Two firms recently filed for a new bitcoin Exchange Traded-Fund (ETF) with the US Securities and Exchange Commission (SEC). The filing, according to market structure analyst Joe Saluzzi, is “laughable” because of its 19-page long risk section.
The ETF filing was brought forth by VanEck Associates, an asset management firm overseeing $54 billion and more than 70 exchange-traded products, and by SolidX Partners, a New York-based financial technology company developing cryptography software. It’s set to be priced at 25 Bitcoins per share, worth about $191,250 at press time.
Per Joe Saluzzi, co-founder of Themis Trading, the ETF is “laughable,” as it has a risk disclosure section that is 19 pages long. According to Business Insider, he stated:
“Listen, I got a problem in general with the ETFs in bitcoin,” Saluzzi said in a phone interview. “They have market structure problems they haven't begun to address, but this one is a stand out. It is laughable.”
Unnamed market observers Business Insider cites reportedly revealed the number of pages it has doubles the length of risk sections in typical ETFs. Eric Evin, chief executive of fund manager Reality Shared, noted that it was larger than the disclosure section of risky investment products such as those tied to oil and volatility index VIX. Per the CEO, one of the original traded notes tied to VIX, VXX, has a risk disclosure section that is 9 pages long.
Various analysts notably see a Bitcoin ETF as a natural next step in the cryptocurrency’s growth, as it could see more investors enter the crypto space.
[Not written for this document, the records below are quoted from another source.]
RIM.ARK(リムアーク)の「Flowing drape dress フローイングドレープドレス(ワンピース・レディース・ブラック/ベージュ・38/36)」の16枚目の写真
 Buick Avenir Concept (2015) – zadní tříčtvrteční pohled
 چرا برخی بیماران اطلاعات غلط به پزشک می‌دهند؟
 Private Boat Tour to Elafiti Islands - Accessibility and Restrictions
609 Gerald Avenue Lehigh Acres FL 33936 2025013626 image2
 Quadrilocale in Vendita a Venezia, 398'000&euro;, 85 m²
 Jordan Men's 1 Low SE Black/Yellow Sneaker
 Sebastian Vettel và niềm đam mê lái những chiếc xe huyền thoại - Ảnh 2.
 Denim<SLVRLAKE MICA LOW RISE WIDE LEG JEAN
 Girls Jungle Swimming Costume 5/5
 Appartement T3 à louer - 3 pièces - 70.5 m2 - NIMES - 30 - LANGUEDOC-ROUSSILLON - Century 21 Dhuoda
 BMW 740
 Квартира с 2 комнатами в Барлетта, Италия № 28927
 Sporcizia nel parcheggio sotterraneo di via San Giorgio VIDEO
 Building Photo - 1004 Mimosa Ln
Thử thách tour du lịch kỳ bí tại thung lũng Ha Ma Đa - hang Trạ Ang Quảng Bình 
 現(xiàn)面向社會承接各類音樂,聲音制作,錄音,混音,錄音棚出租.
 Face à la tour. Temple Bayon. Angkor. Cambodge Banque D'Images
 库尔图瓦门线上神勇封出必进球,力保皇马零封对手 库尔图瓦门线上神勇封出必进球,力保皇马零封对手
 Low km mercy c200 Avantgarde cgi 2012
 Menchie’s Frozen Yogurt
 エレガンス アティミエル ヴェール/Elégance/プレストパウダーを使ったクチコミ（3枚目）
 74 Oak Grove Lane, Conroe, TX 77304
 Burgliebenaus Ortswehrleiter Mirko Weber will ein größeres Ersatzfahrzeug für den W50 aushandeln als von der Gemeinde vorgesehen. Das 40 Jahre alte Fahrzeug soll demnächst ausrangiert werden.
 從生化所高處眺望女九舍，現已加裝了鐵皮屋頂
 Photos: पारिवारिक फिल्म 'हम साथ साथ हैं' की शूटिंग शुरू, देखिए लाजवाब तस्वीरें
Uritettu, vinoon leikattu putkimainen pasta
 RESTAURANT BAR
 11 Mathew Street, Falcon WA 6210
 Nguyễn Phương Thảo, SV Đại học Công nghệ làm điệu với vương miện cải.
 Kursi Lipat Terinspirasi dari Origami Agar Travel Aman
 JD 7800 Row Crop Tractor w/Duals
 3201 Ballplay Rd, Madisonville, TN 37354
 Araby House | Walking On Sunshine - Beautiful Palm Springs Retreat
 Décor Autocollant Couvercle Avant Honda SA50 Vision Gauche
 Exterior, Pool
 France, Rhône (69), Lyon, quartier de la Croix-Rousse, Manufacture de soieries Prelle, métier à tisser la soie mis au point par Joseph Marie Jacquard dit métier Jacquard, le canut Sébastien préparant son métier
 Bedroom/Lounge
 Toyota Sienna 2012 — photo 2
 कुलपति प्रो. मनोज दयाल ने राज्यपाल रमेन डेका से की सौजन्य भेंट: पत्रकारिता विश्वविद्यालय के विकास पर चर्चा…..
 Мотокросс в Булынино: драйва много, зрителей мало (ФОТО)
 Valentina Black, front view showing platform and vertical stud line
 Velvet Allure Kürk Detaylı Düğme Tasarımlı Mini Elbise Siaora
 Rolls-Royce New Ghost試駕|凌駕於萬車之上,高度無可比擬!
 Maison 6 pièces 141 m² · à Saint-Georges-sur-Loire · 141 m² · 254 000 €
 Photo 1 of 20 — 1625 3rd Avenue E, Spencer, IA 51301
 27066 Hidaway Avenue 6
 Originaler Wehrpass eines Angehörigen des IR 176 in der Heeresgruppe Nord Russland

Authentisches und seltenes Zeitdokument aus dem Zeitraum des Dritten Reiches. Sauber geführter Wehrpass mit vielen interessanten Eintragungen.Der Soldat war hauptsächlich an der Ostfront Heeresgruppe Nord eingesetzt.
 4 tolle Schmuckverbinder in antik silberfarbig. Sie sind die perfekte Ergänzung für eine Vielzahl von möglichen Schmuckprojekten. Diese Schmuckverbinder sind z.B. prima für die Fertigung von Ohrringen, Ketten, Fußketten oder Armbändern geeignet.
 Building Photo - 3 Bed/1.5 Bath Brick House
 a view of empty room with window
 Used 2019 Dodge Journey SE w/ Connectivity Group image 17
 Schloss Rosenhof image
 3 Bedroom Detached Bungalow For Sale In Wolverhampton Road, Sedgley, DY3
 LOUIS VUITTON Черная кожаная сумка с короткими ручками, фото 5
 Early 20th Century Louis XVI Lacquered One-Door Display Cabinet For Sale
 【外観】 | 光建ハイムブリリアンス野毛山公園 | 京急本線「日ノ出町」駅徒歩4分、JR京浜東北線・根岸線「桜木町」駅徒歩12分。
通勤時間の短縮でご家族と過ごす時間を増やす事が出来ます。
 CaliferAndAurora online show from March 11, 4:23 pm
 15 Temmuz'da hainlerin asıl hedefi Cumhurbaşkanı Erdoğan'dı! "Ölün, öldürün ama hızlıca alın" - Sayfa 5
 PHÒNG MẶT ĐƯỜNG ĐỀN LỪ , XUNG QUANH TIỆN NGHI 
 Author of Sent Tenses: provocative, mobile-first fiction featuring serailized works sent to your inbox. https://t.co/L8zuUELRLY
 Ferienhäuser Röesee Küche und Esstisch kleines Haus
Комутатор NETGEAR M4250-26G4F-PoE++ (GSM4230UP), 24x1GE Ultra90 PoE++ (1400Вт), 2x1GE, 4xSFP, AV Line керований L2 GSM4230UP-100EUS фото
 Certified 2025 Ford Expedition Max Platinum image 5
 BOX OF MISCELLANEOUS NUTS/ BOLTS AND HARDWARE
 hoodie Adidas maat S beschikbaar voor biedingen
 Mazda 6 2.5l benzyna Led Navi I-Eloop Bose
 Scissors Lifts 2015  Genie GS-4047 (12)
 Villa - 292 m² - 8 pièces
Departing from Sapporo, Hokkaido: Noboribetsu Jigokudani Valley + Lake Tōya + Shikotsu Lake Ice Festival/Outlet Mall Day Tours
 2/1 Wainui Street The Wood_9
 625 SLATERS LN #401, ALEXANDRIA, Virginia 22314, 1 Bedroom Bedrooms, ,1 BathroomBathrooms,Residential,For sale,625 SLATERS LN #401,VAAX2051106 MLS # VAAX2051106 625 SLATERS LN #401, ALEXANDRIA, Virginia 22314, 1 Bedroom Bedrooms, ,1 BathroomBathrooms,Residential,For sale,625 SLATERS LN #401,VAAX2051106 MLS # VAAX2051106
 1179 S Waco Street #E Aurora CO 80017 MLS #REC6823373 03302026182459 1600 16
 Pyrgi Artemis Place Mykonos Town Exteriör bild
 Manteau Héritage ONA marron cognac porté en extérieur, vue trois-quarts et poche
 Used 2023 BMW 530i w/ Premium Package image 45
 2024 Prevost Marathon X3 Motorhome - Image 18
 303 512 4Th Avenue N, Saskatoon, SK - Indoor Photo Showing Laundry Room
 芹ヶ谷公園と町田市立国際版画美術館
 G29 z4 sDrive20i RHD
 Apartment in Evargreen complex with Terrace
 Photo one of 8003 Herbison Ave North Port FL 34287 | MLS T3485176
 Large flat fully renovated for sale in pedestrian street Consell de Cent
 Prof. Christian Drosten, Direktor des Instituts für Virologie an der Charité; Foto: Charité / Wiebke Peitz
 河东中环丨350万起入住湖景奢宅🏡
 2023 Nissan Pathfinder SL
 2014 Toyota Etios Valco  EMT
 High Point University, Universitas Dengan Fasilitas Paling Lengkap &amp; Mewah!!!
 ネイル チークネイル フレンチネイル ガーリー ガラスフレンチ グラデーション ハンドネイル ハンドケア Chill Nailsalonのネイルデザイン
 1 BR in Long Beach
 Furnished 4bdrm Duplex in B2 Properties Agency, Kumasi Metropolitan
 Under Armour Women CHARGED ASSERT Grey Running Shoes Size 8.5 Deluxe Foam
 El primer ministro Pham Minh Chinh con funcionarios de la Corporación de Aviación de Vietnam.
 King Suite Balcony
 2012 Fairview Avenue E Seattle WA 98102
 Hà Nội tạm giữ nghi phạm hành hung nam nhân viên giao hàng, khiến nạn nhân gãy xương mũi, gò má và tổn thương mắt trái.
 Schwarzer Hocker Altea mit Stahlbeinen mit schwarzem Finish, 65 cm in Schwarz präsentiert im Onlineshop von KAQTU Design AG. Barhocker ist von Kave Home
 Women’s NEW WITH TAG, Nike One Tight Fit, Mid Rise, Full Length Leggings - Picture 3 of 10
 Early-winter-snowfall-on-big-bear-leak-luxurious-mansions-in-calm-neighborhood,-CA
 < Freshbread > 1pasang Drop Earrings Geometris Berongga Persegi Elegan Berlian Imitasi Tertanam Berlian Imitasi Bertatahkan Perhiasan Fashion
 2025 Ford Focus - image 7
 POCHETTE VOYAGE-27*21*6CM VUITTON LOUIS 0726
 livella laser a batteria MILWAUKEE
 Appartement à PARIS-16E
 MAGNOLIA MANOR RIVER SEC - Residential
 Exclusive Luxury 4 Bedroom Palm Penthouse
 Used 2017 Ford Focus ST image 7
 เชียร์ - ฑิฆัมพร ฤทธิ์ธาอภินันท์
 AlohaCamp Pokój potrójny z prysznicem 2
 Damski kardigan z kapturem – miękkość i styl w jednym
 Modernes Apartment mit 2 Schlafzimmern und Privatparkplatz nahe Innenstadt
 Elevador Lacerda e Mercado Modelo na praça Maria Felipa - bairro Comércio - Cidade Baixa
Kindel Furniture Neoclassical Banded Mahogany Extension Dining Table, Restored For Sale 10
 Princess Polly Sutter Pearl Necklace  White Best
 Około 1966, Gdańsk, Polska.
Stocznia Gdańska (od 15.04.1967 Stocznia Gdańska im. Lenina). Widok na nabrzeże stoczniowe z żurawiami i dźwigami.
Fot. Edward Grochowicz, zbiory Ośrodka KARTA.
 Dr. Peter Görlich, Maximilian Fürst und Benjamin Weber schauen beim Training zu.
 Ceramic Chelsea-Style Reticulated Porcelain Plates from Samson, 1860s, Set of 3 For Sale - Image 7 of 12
Regulators have, on the other hand, pushed back against such a product over the risks these could present investors.
These risks include the flagship cryptocurrency’s lack of liquidity when compared to more mature markets, and the lack of market surveillance that could stop its price from being manipulated. These risks are included in the filing, it reads:
“The price of bitcoin may be influenced by fraud and manipulation for a number of reasons, including the following: most bitcoin spot markets are not regulated or supervised by a government agency; platforms may lack critical system safeguards, including customer protections; volatile market price swings or flash crashes; cyber risks, such as hacking customer wallets; and/or platforms selling from their own accounts and putting customers at an unfair disadvantage.”
If accepted, the ETF will see SolidX handle custody of the bitcoins using cold storage solutions to keep them safe. The funds investors put in will reportedly be insured one-to-one by “a syndicate of insurers” the firms didn’t disclose much about.